A verbatim copy is needed of the lines below from the one containing "And then shade" up to and including the one containing "All you have", excluding pictures.

§ Exercise material
·····

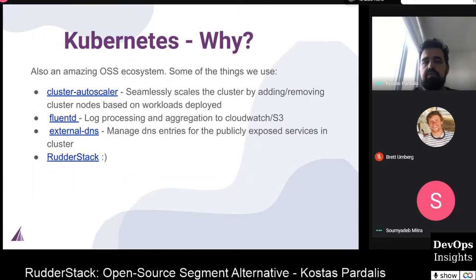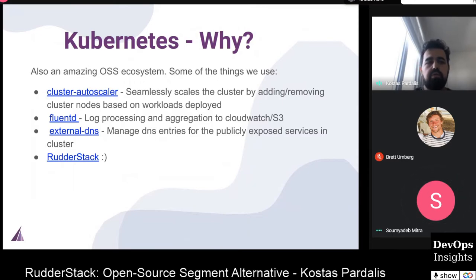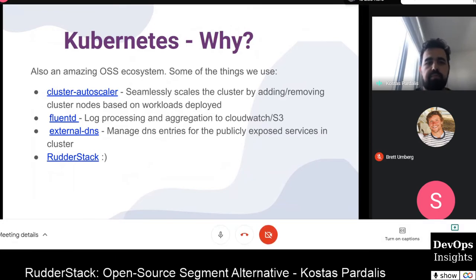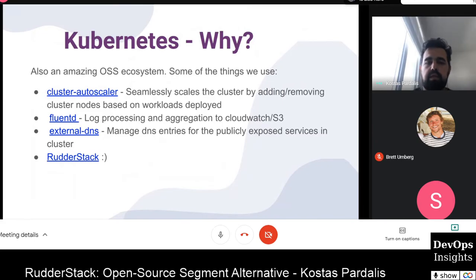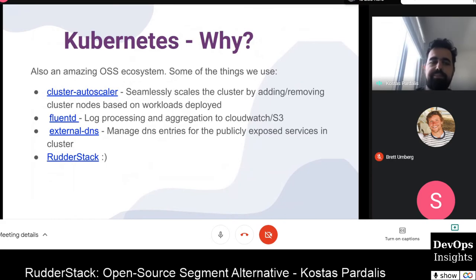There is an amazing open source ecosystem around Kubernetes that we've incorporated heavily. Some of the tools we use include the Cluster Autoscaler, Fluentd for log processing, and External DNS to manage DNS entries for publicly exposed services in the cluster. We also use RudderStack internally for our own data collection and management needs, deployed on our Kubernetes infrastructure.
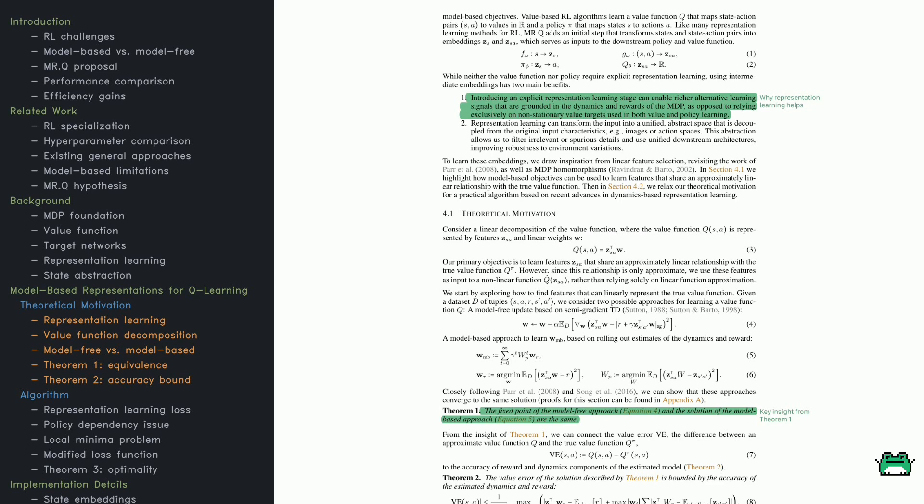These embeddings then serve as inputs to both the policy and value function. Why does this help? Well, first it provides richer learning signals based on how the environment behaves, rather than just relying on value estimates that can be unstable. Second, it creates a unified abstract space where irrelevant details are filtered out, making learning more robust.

·····

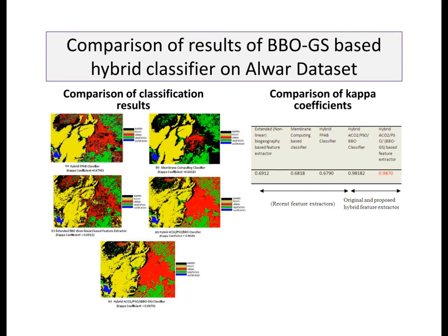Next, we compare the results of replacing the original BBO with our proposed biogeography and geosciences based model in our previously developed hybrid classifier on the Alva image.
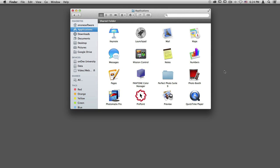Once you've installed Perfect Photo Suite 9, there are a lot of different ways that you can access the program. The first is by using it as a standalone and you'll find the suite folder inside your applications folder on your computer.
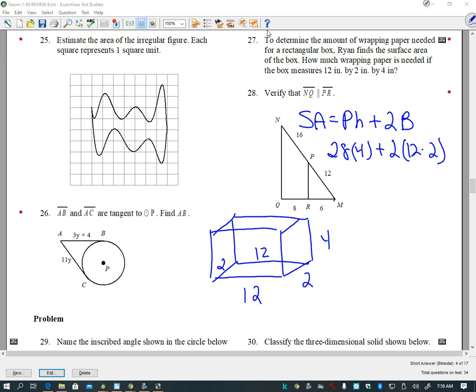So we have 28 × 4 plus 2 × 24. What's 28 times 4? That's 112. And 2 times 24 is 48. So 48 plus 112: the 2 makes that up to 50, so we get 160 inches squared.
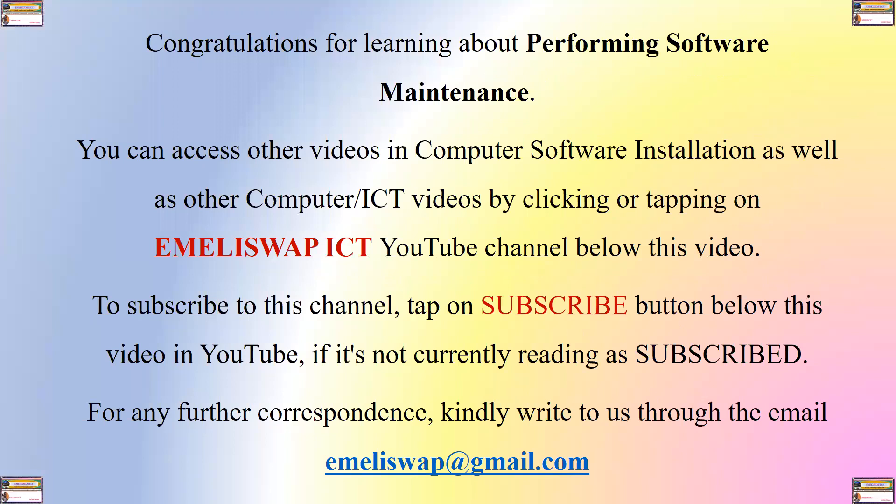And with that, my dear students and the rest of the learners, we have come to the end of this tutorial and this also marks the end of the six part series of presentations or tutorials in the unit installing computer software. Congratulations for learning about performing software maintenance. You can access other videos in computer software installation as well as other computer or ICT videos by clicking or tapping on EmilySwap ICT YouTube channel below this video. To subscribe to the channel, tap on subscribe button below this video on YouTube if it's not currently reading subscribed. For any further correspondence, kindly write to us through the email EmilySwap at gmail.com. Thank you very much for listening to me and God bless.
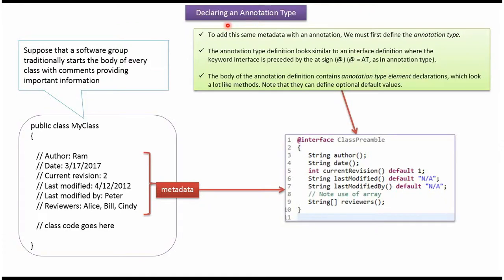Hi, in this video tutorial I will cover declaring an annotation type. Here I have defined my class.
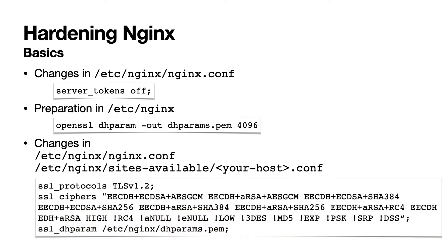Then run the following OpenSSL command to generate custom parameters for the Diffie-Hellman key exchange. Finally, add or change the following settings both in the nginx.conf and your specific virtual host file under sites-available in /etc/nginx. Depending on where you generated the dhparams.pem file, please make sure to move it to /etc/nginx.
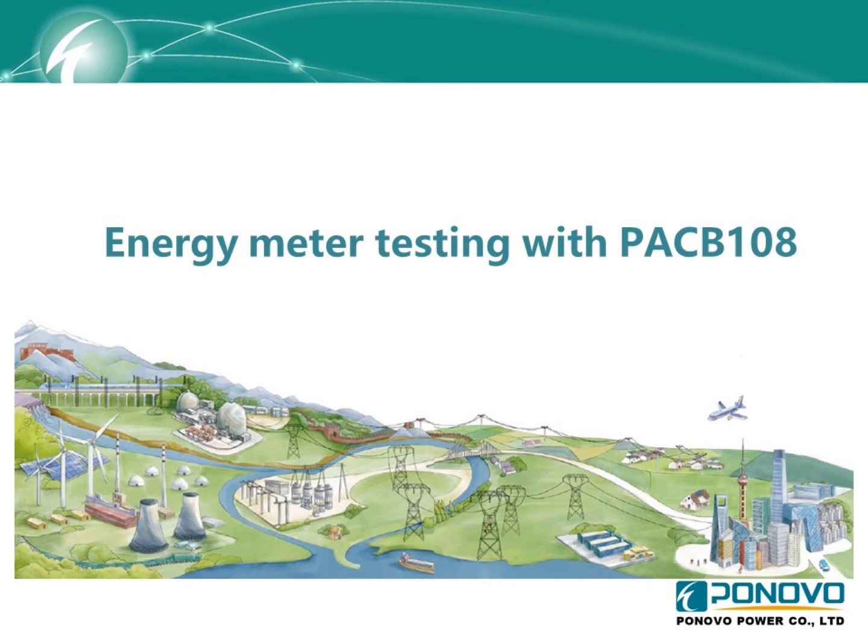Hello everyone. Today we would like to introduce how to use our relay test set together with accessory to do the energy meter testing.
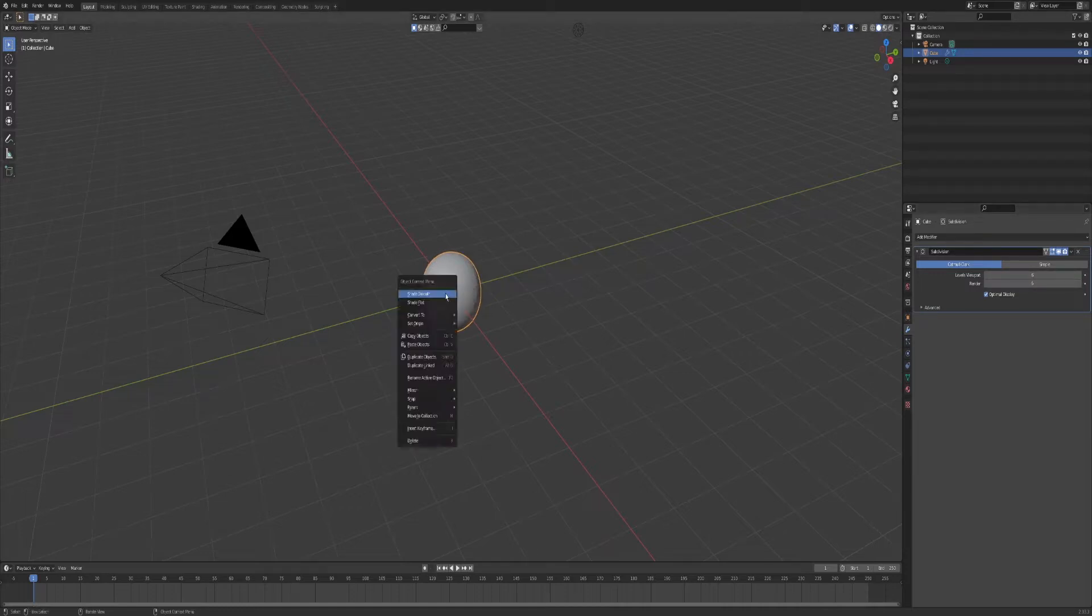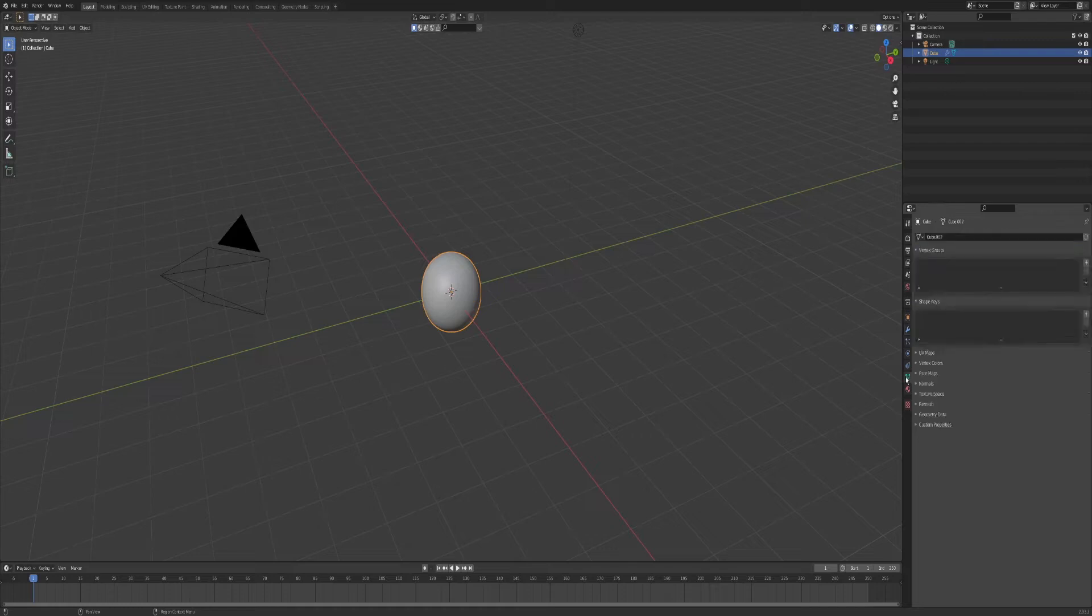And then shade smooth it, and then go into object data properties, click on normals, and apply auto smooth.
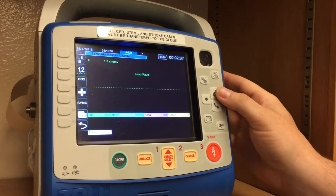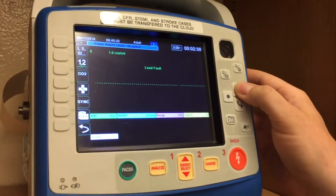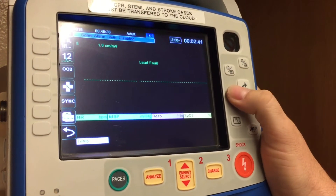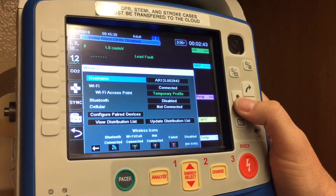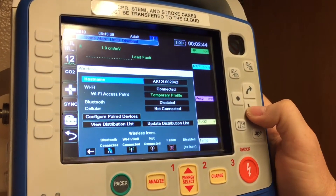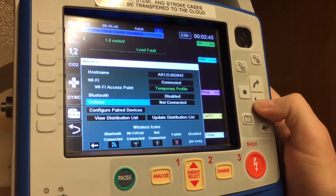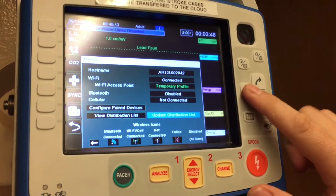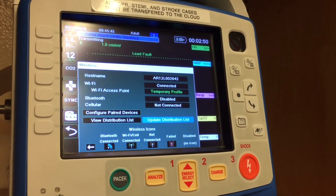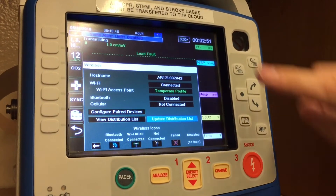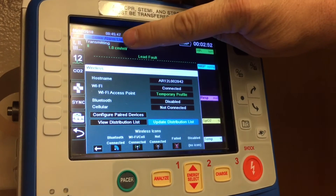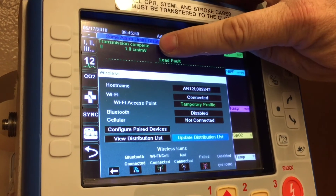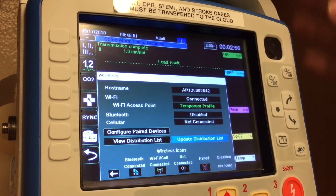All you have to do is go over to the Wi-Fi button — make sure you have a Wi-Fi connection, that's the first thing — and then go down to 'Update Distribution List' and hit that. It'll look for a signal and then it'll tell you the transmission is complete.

·····

§ Result
And then shade smooth it, and then go into object data properties, click on normals, and apply auto smooth.
All you have to do is go over to the Wi-Fi button — make sure you have a Wi-Fi connection, that's the first thing — and then go down to 'Update Distribution List' and hit that. It'll look for a signal and then it'll tell you the transmission is complete.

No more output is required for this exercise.